Я хотел сказать, что, если Белый Медведь видел красное, значит, по-моему, он был зол. И как же ему было не разозлиться? В конце концов, она устроила грозу, потом прогнала его на балкон, куда он никогда не выйдет во время настоящей грозы, и, когда он убедился, что никакой грозы нет, он понял, что все это подстроила она.
Размышляя, я упустил что-то из объяснений психиатра, но зато уловил самый конец.
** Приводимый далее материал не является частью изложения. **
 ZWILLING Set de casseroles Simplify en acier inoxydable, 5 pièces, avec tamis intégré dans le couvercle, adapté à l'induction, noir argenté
- Красный цвет, - говорила она, - обычно обозначает, что беспокойство связано с нашим хозяином. Я хочу кое-что спросить у вас. Вы боитесь грозы?
Я сказал, что, конечно, нет, и если она думает, что я передаю Белому Медведю страх перед грозой, то она идет не по тому следу.
- Вы можете и не передавать это нам, - сказала она спокойно. - Мы могли получить это, будучи котенком. Но вы выявляете и усиливаете этот страх.
Хотелось бы мне знать, как я это делаю.
- Вы, возможно, и не осознаете, что боитесь грозы, - сказала она.
Я промолчал.
- Ну, - сказала кошачий психиатр, - я думаю, для первой встречи вполне достаточно. Мы не собираемся сделать регулируемое регулирование. Мы собираемся сделать нерегулируемое регулирование. В следующий раз, когда будет гроза, я хочу, чтобы вы не обращали на нее внимания, более того - чтобы вы не обращали внимания на нашу реакцию на эту грозу.
Мой приятель снабдил меня словарем психиатрических терминов, и, когда дама удалилась, я стал искать «регулируемое и нерегулируемое регулирование». Неожиданно я наткнулся на определение слова «ага» или «аг-га». В словаре объяснялось, что это «реакция в момент понимания проблемы разрешаемой ситуации».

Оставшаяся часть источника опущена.